## Problem
Below are entries with pictures in them. Output exactly the lines starting at the line with "Photo 9 from" and ending at the line with "Snapshot of sexyloba_", both included, but not the pictures.

Captioned web image data:
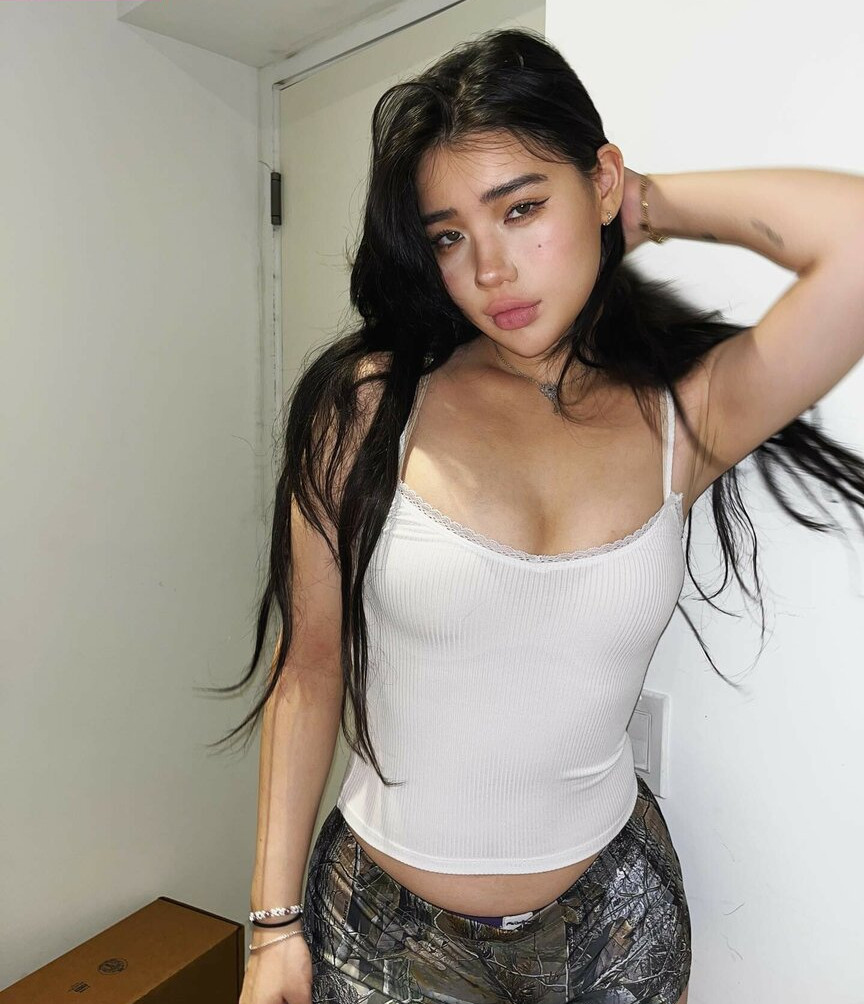 hannahkae27 Nude Leaks OnlyFans Photos #621 - LeakJerk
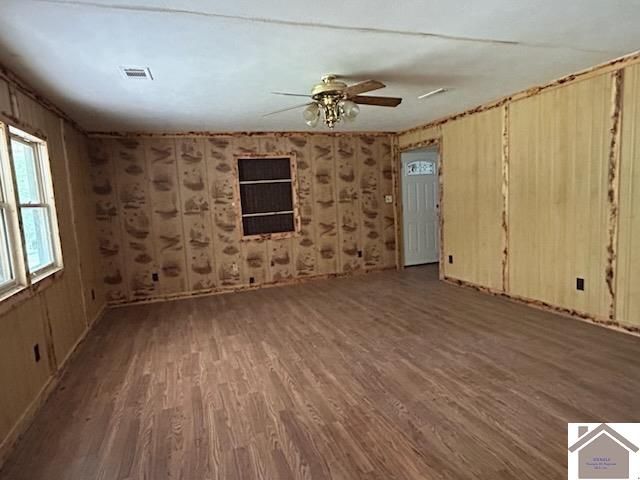 11450 Bonham Street, Kevil, KY 42053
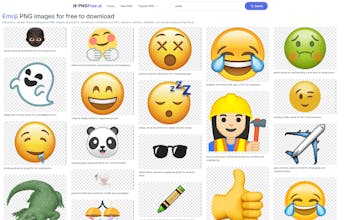 PNGFree.ai gallery image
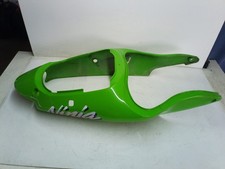 Kawasaki Ninja ZX9R 1998-1999 Codone carena posteriore graffi da riparare 360...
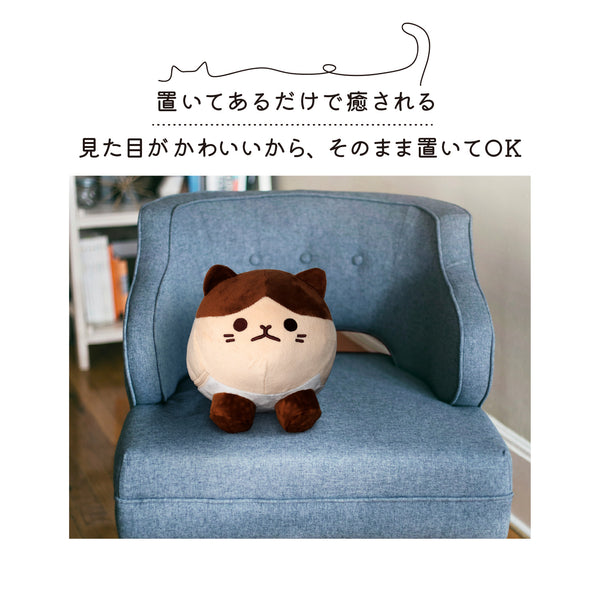 にゃんトレストレッチ ごろにゃー
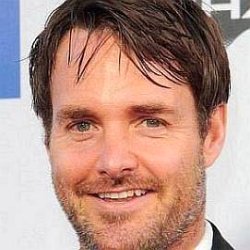 Will Forte age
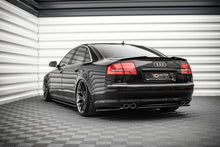 Load image into Gallery viewer, Estensione spoiler posteriore Audi S8 D3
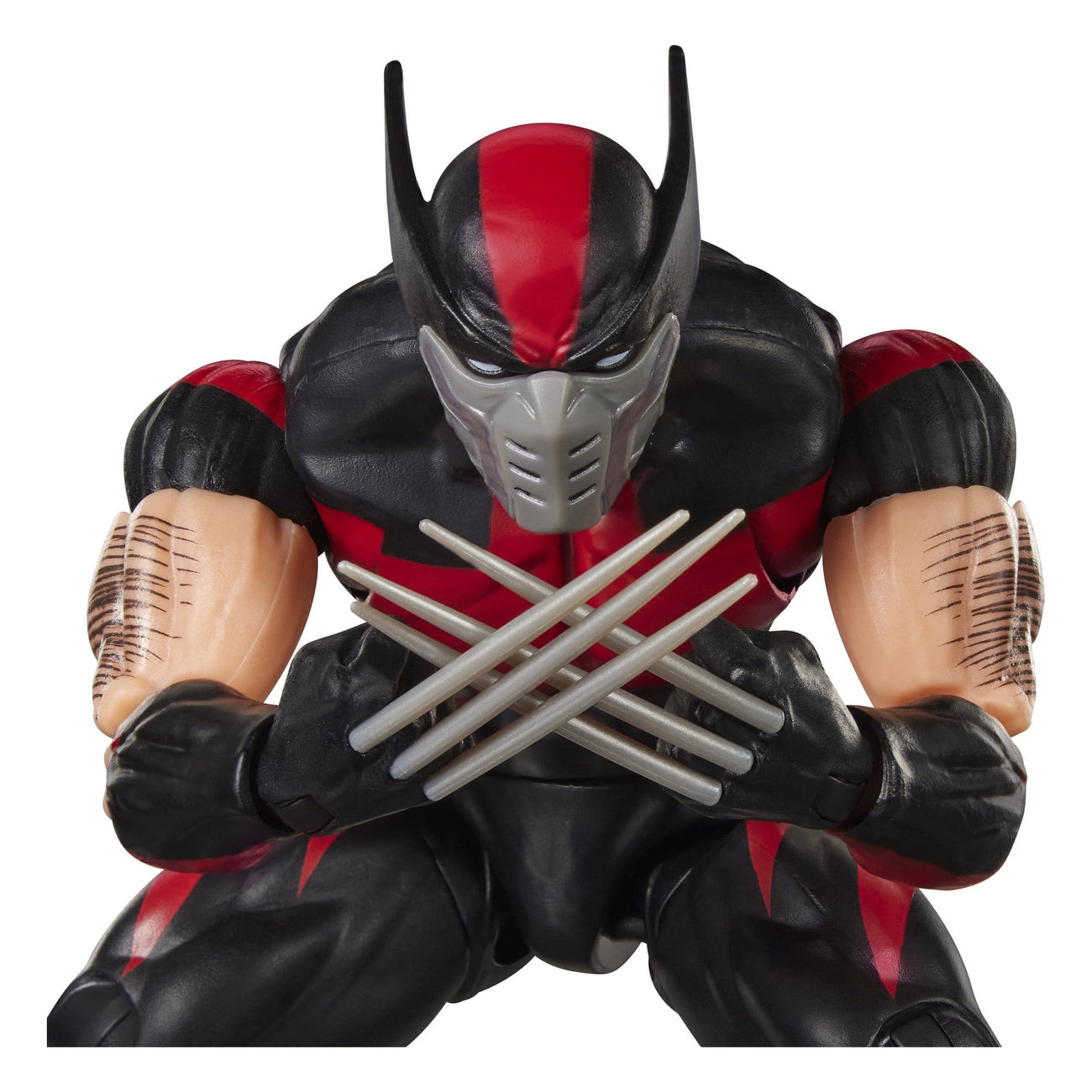 elbenwald-marvel-legends-ultimate-wolverine-actionfigur-15-cm image 8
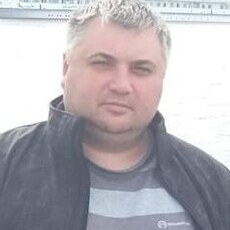 Фотография мужчины Владимир, 42 года из г. Фрязино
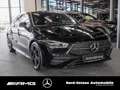 Mercedes-Benz CLA 180 SB AMG NIGHT PANO MULTIBEAM DISTRONIC Schwarz - thumbnail 3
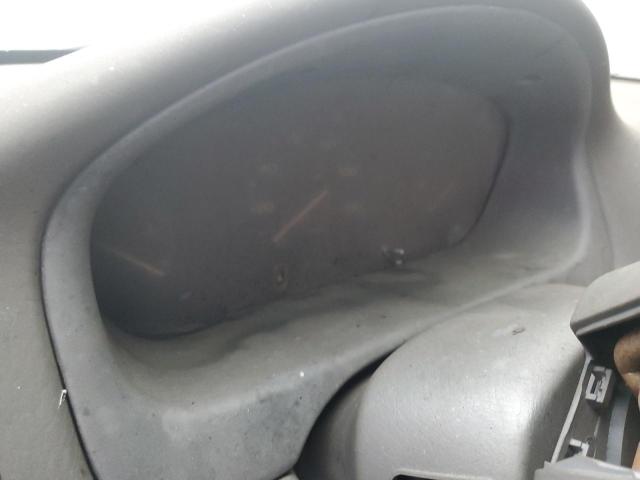 Photo 9 from auction – 2000 HONDA CIVIC BASE with VIN 2HGEJ6617YH554280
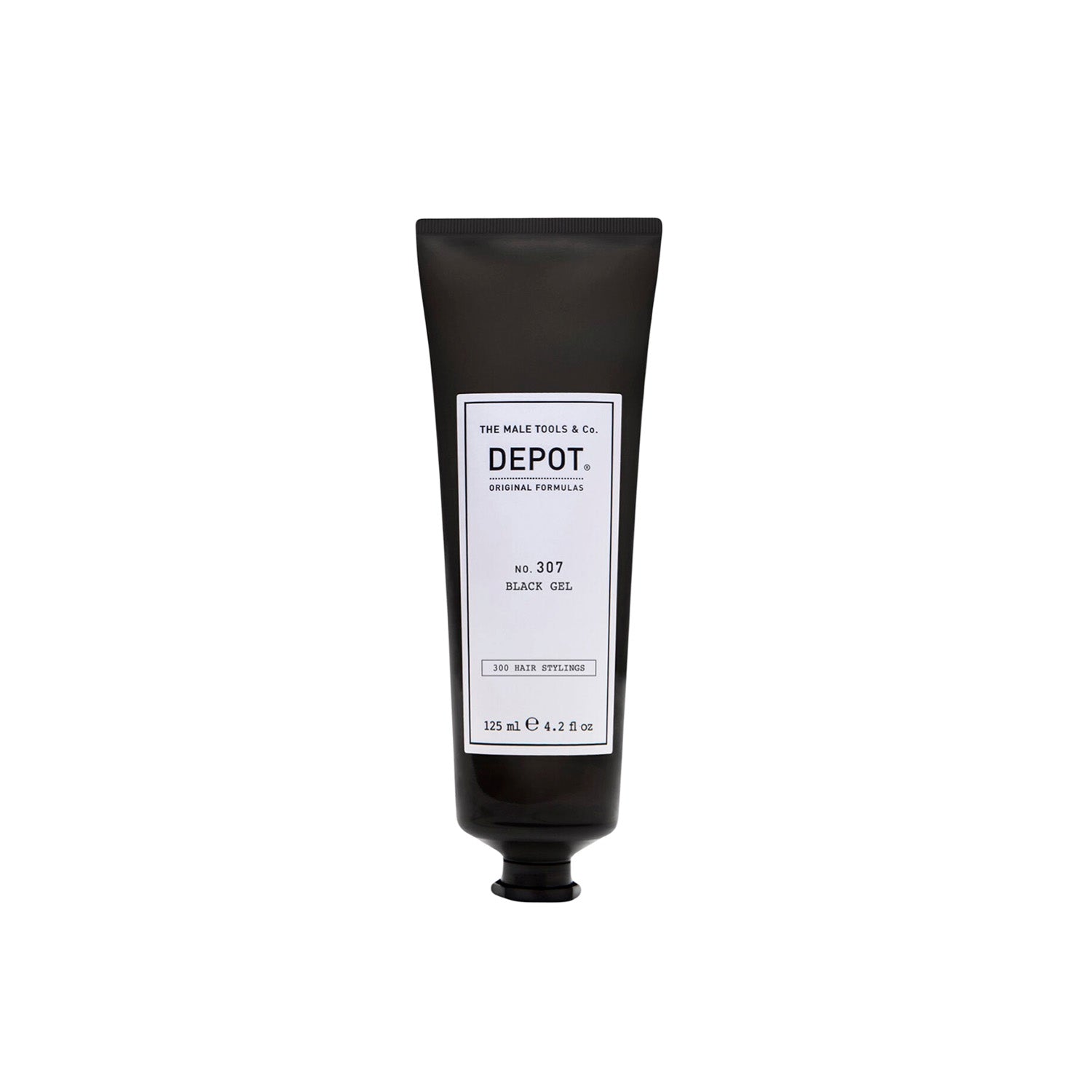 DEPOT No. 307 Black Gel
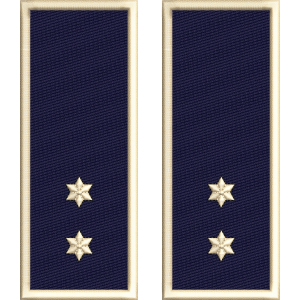 GRADE INSPECTOR POLITIA DE FRONTIERA IGPFR ( TINUTA NOUA ) CULOARE " BLUE NAVY INCHIS "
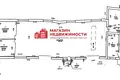 Commercial property 760 m² in Hrodna, Belarus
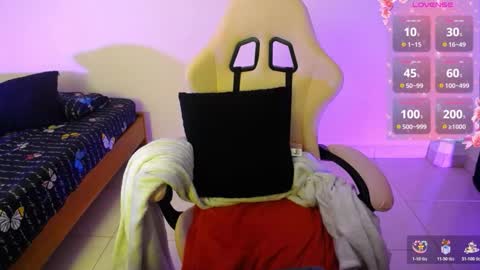 Snapshot of sexyloba_ chatting on 03.13.26 sexyloba independent model online show from 03.13.26
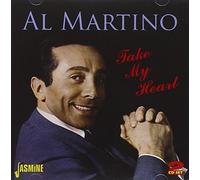 Martino, Al - Take My Heart
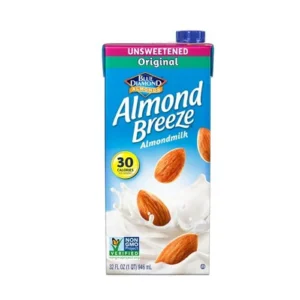 ALMOND BREEZE MILK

## Reply
 Photo 9 from auction – 2000 HONDA CIVIC BASE with VIN 2HGEJ6617YH554280
 DEPOT No. 307 Black Gel
 GRADE INSPECTOR POLITIA DE FRONTIERA IGPFR ( TINUTA NOUA ) CULOARE " BLUE NAVY INCHIS "
 Commercial property 760 m² in Hrodna, Belarus
 Snapshot of sexyloba_ chatting on 03.13.26 sexyloba independent model online show from 03.13.26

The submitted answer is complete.